• **ABOUT THIS EXERCISE**
I would like the entries transcribed word for word, please, with the pictures removed.

══════

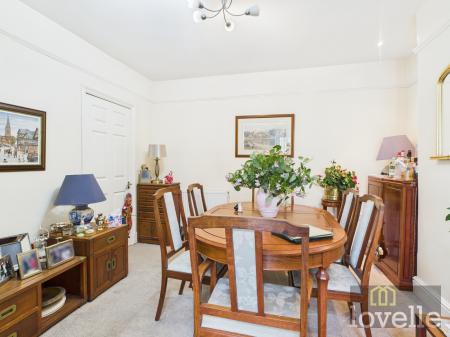 3 bedroom Semi-detached house for sale in Park Avenue, Mablethorpe, LN12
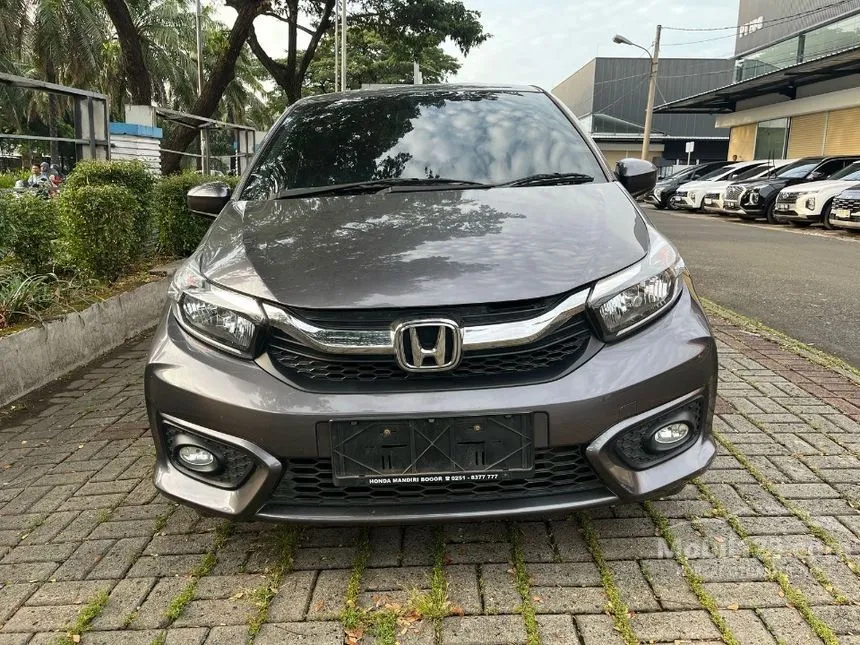 Jual Mobil Honda Brio 2023 Satya E 1.2 di Jawa Barat Automatic Hatchback Abu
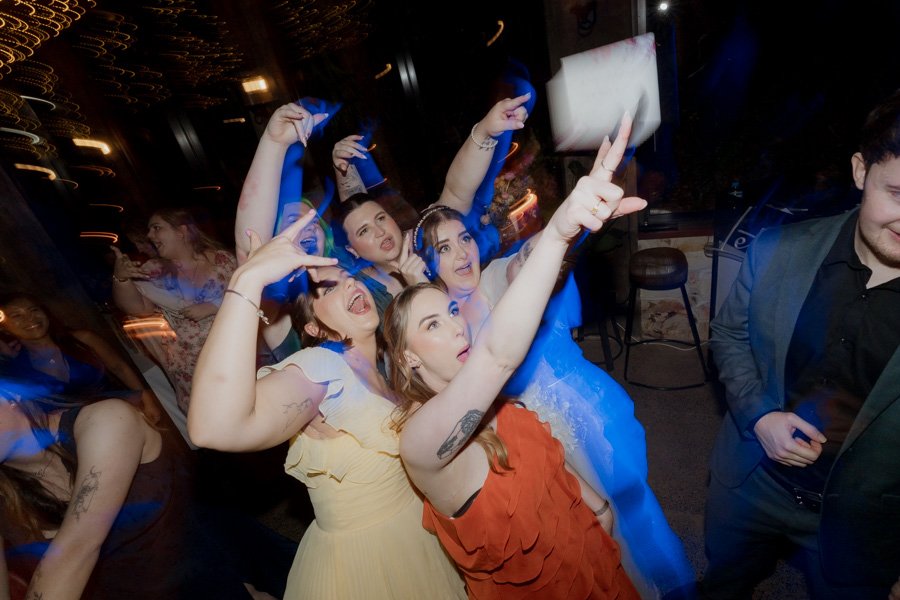 AngelaBrushePhotography_WEDDING_L&D_270826_SNEAKPEEKS-155.jpg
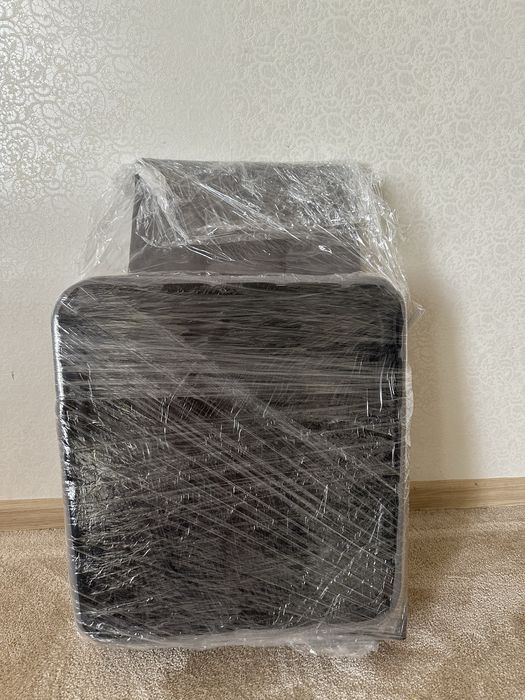 Кухонні стільці, крісла. Офісні стулья,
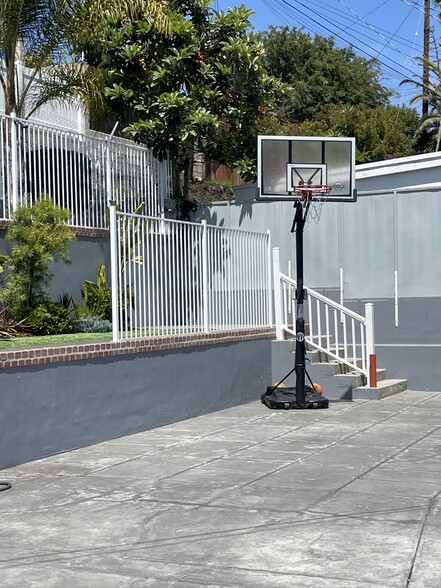 Building Photo - 813 Pier Ave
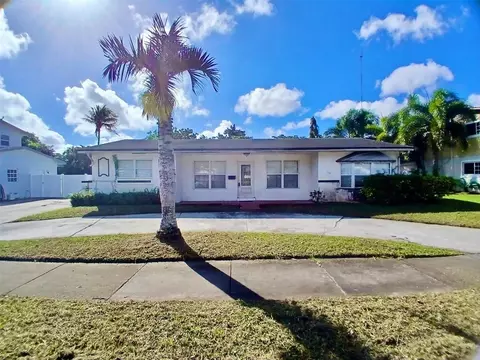 330 NW 205th Ter, Miami Gardens, FL 33169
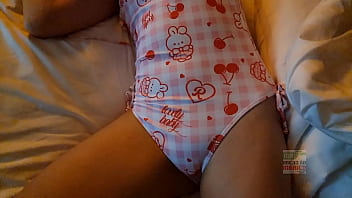 Viaje a las piscinas aprovecho y la follo joven amateur puta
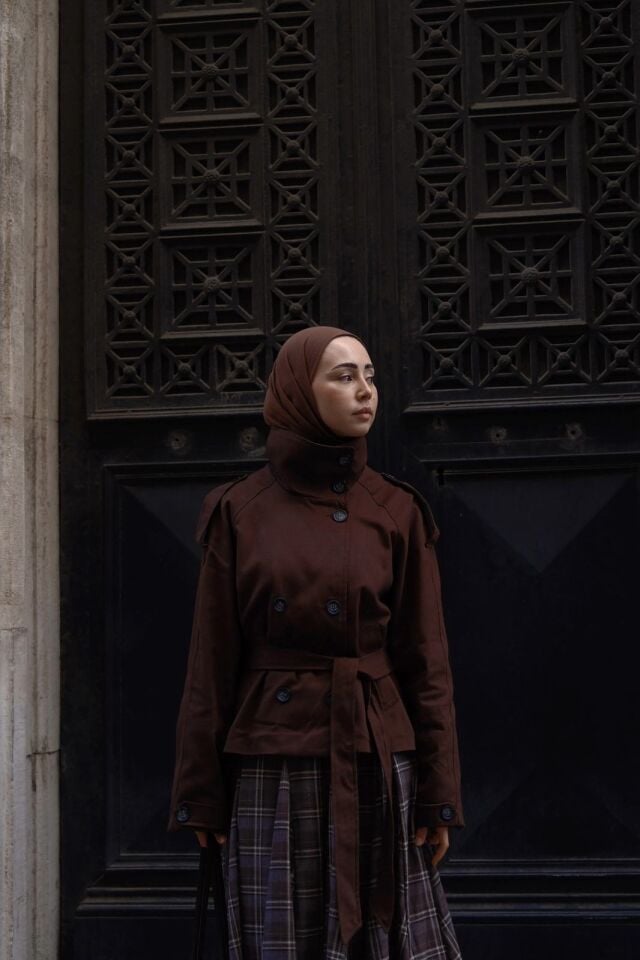 Faya Girls x Kahverengi Balıkçı Yaka Kuşaklı Kısa Trençkot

══════

• **COMPLETED TASK**
 3 bedroom Semi-detached house for sale in Park Avenue, Mablethorpe, LN12
 Jual Mobil Honda Brio 2023 Satya E 1.2 di Jawa Barat Automatic Hatchback Abu
 AngelaBrushePhotography_WEDDING_L&D_270826_SNEAKPEEKS-155.jpg
 Кухонні стільці, крісла. Офісні стулья,
 Building Photo - 813 Pier Ave
 330 NW 205th Ter, Miami Gardens, FL 33169
 Viaje a las piscinas aprovecho y la follo joven amateur puta
 Faya Girls x Kahverengi Balıkçı Yaka Kuşaklı Kısa Trençkot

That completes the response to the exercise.